The RD affirmed the hearing officer's rulings, finding the rulings "free from prejudicial error[.]" RD's Decision at 2. Hearing officers are not bound by "[f]ormal rules of evidence" and have the authority to "take any action necessary to . . . conduct, continue, control, and regulate the hearing, including ruling on motions . . . ." 5 C.F.R. §§ 2422.18(b) and 2422.21(b). The FOP has not provided any evidence or argument indicating that the hearing officer erred in overruling the FOP's objections or motion. Moreover, the record reveals that the FOP, in its post-hearing brief, addressed the documents in dispute and provided specific reasons why the documents should not be admitted as well as why the documents were not relevant. See FOP's Post-Hearing Brief at 16-18.

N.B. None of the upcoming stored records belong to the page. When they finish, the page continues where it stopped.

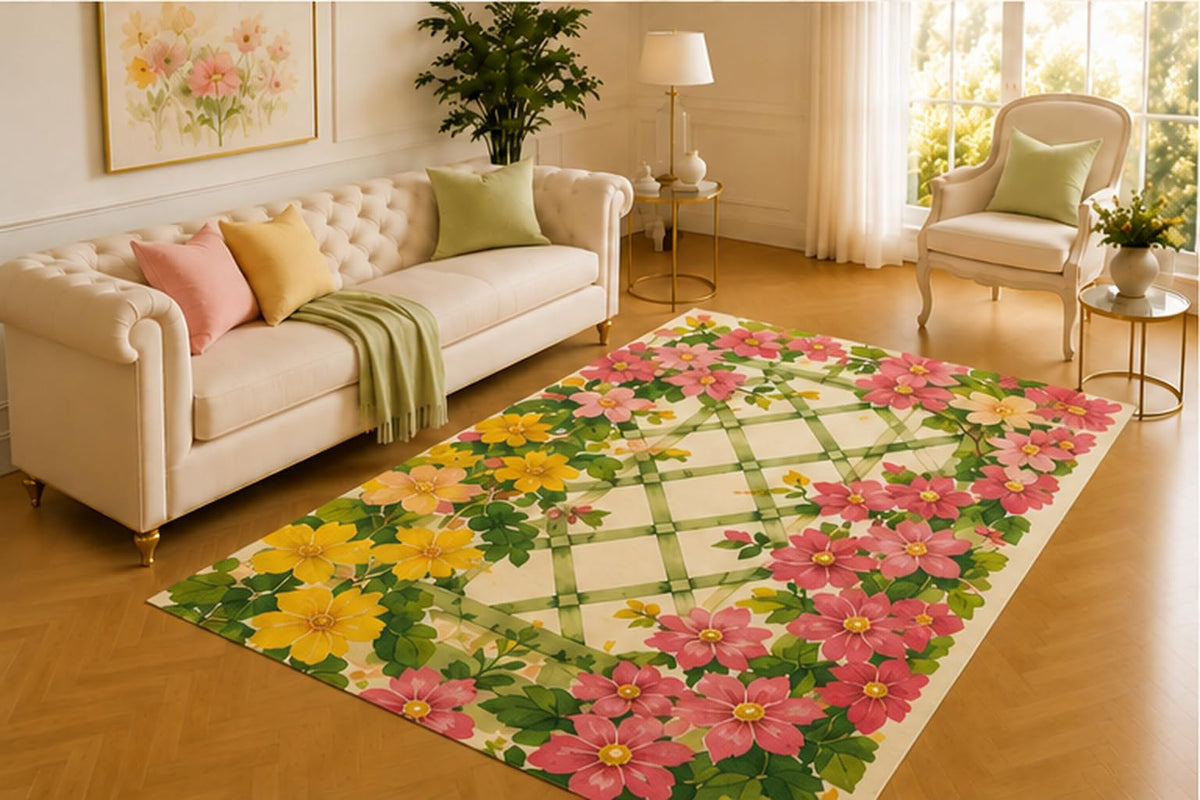ICE ARMOR 5' x 7' Floral Trellis Rug, Pink and Yellow Blossoms Framing a Soft Green Lattice, Charming Accent for Bedroom, Entryway, Lounge or Reading Nook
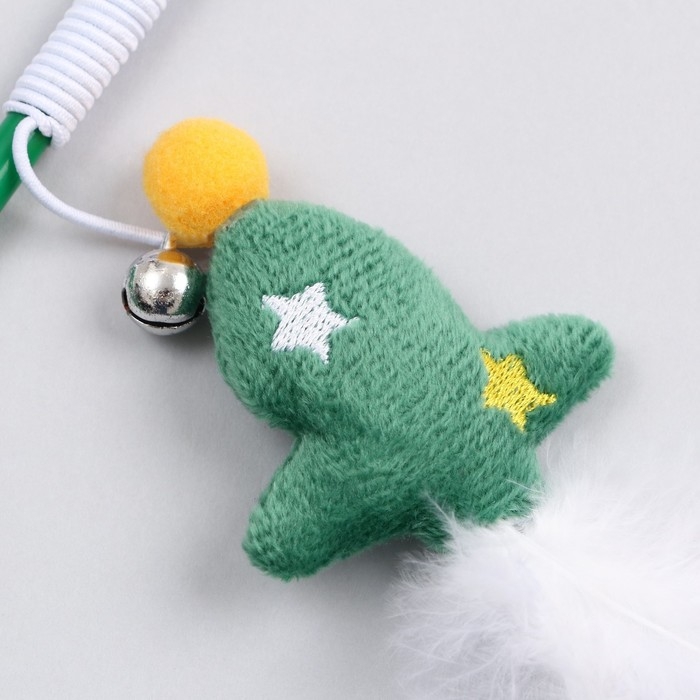 Дразнилка-удочка для кошек с бубенчиком  Дразнилка-удочка для кошек с бубенчиком "Ракета", 40 см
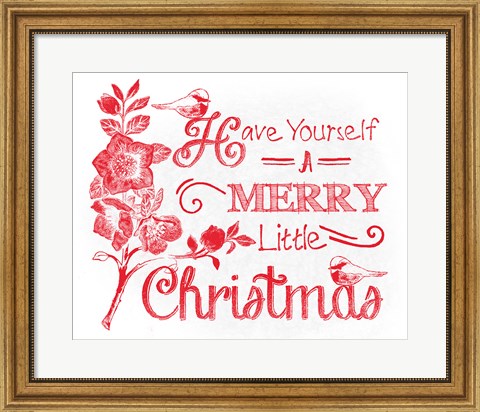 Framed Chalkboard Christmas Sayings V on white Print
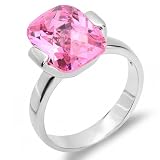 6.50 CT Sterling Silver Ladies Cushion Pink Sapphire Cubic Zirconia CZ Classic Engagement ring 0.45 inch (Available in size 6, 7, 8)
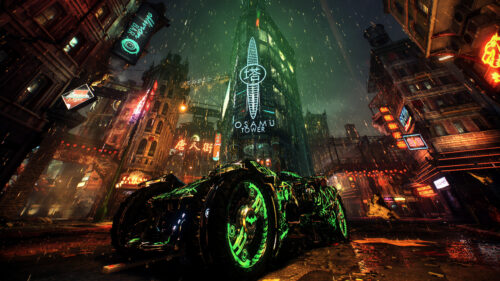Neon Batmobile in Rainy Cyberpunk City 4K Desktop Wallpaper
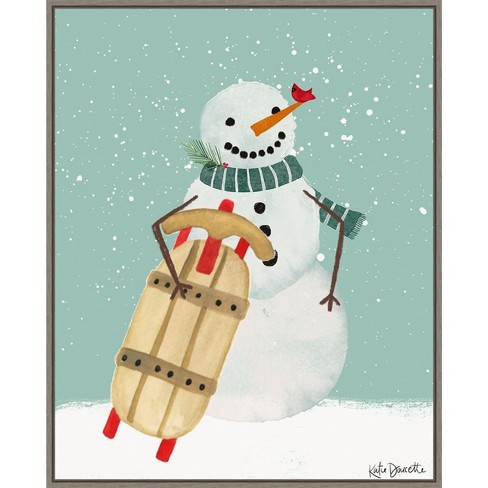 Bring on the Snow Winter Snow Sleding Snowman Printed 2 Premade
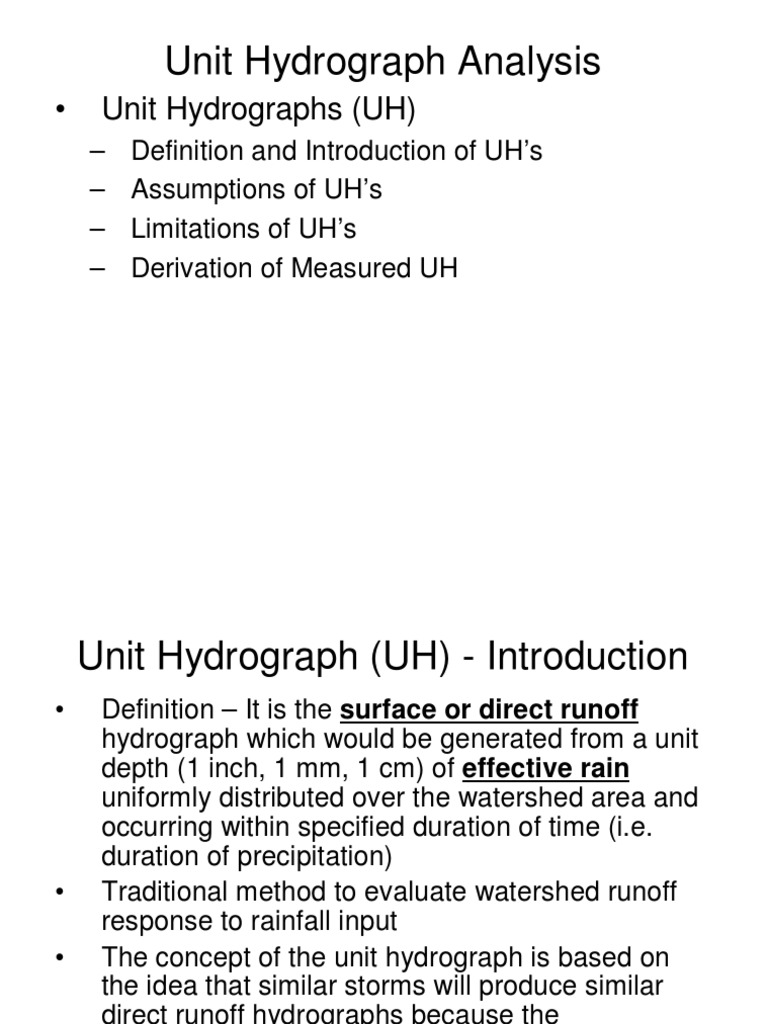 Unit Hydrograph Assumptions and Limitations | PDF | Drainage Basin ...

In these circumstances, we find that the FOP has not demonstrated that the RD or the hearing officer committed a prejudicial procedural error. See, e.g., Social Security Administration, 60 FLRA 590, 592 (2005) (union did not demonstrate that hearing officer committed prejudicial procedural error by overruling "every single objection . . . union made") (citing United States Sec. & Exch. Comm'n, Wash., D.C., 56 FLRA 312, 318 (2000)) (hearing officer did not commit clear prejudicial error where officer had discretion to limit witness testimony and the agency failed to establish that the officer prejudiced the agency). Accordingly, review of the RD's decision is not warranted on the ground that the RD committed a prejudicial procedural error.
The application for review is denied.